| Supplied material |
++++++++++
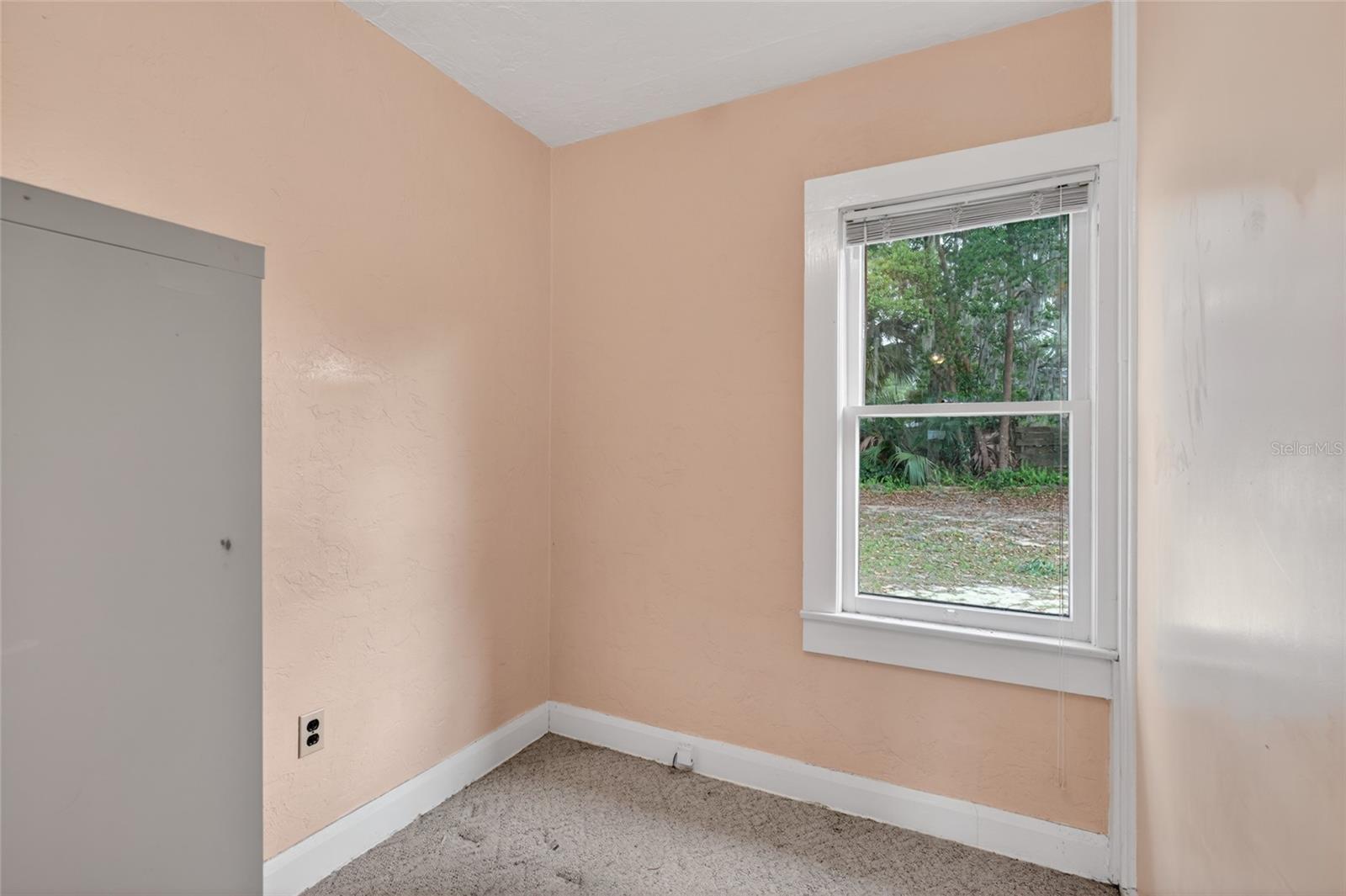 FORT KING HEIGHTS - Commercial Lease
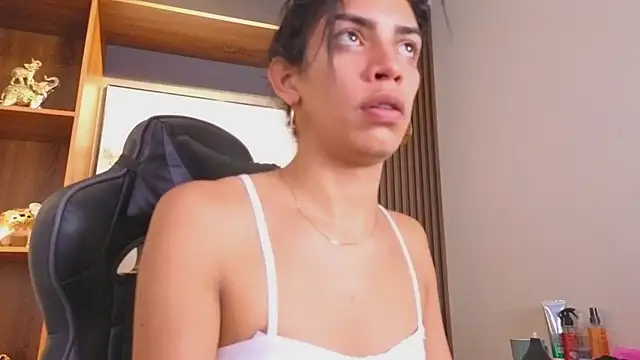 Alahia Rodriguez online show from April 9, 7:52 pm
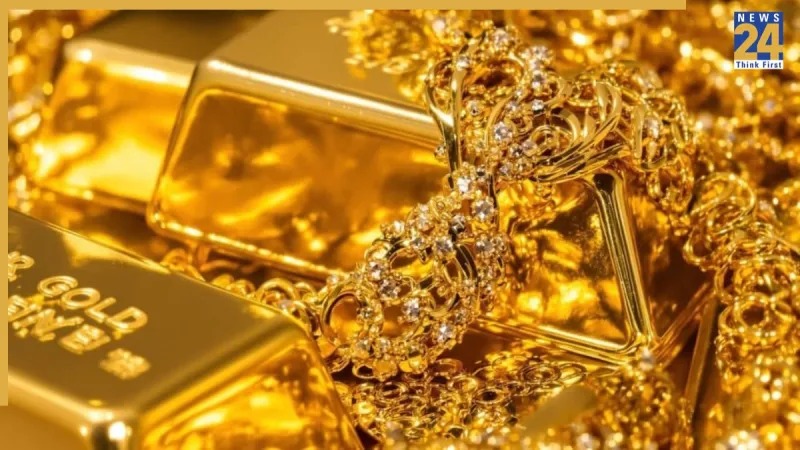 أسعار الذهب والفضة اليوم، 28 يناير: انخفاض طفيف في الأسعار، سعر الذهب عيار 24 قيراط يبلغ ... روبية، والفضة ... روبية؛ تحقق من الأسعار في دلهي، نويدا، كلكتا، مومباي، تشيناي، بنغالورو.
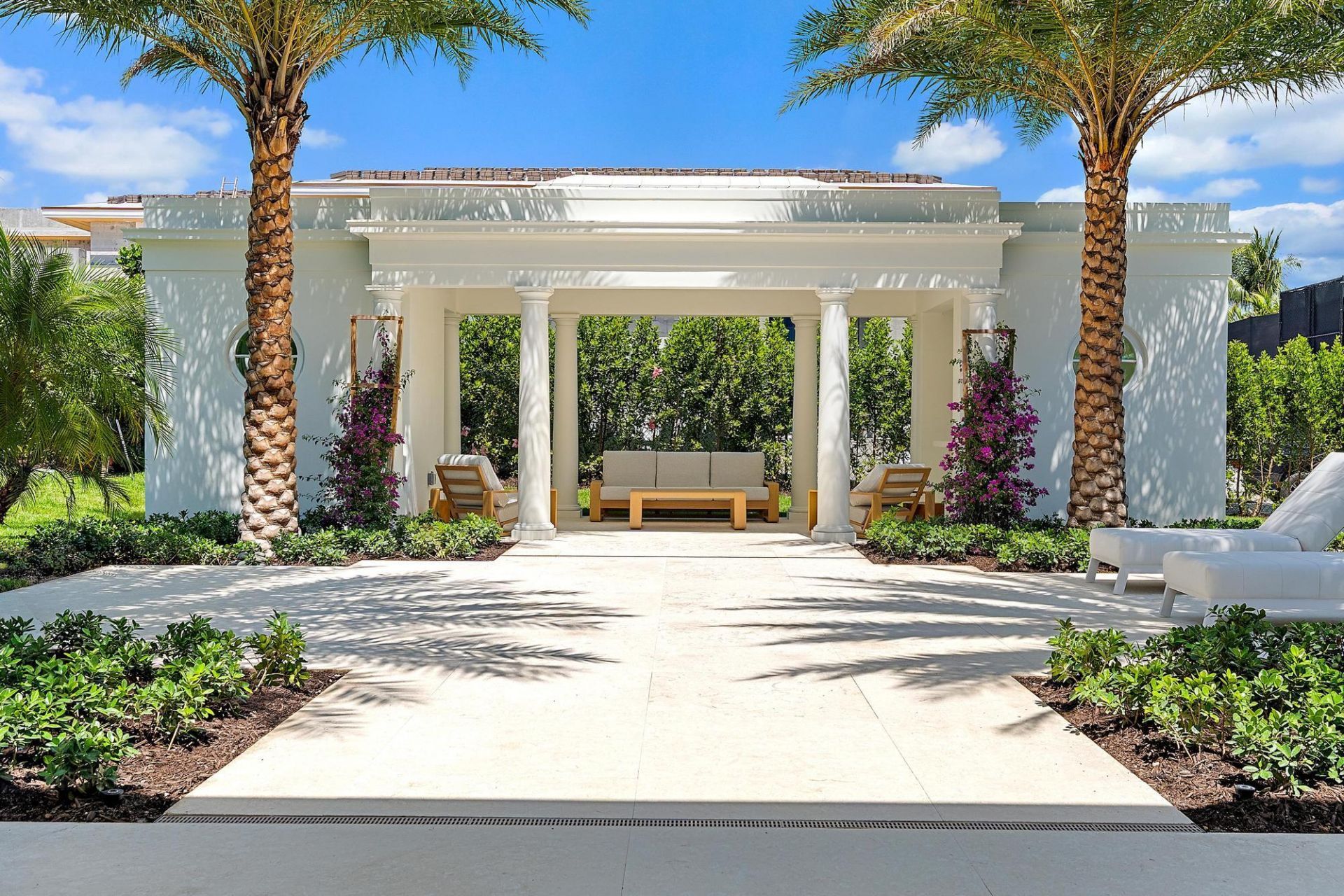 301 Plantation Road, Palm Beach, FL 33480 Photo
++++++++++
| Task details |
Transcribe the whole listing, character for character, but not its images.

| Exercise response |
 FORT KING HEIGHTS - Commercial Lease
 Alahia Rodriguez online show from April 9, 7:52 pm
 أسعار الذهب والفضة اليوم، 28 يناير: انخفاض طفيف في الأسعار، سعر الذهب عيار 24 قيراط يبلغ ... روبية، والفضة ... روبية؛ تحقق من الأسعار في دلهي، نويدا، كلكتا، مومباي، تشيناي، بنغالورو.
 301 Plantation Road, Palm Beach, FL 33480 Photo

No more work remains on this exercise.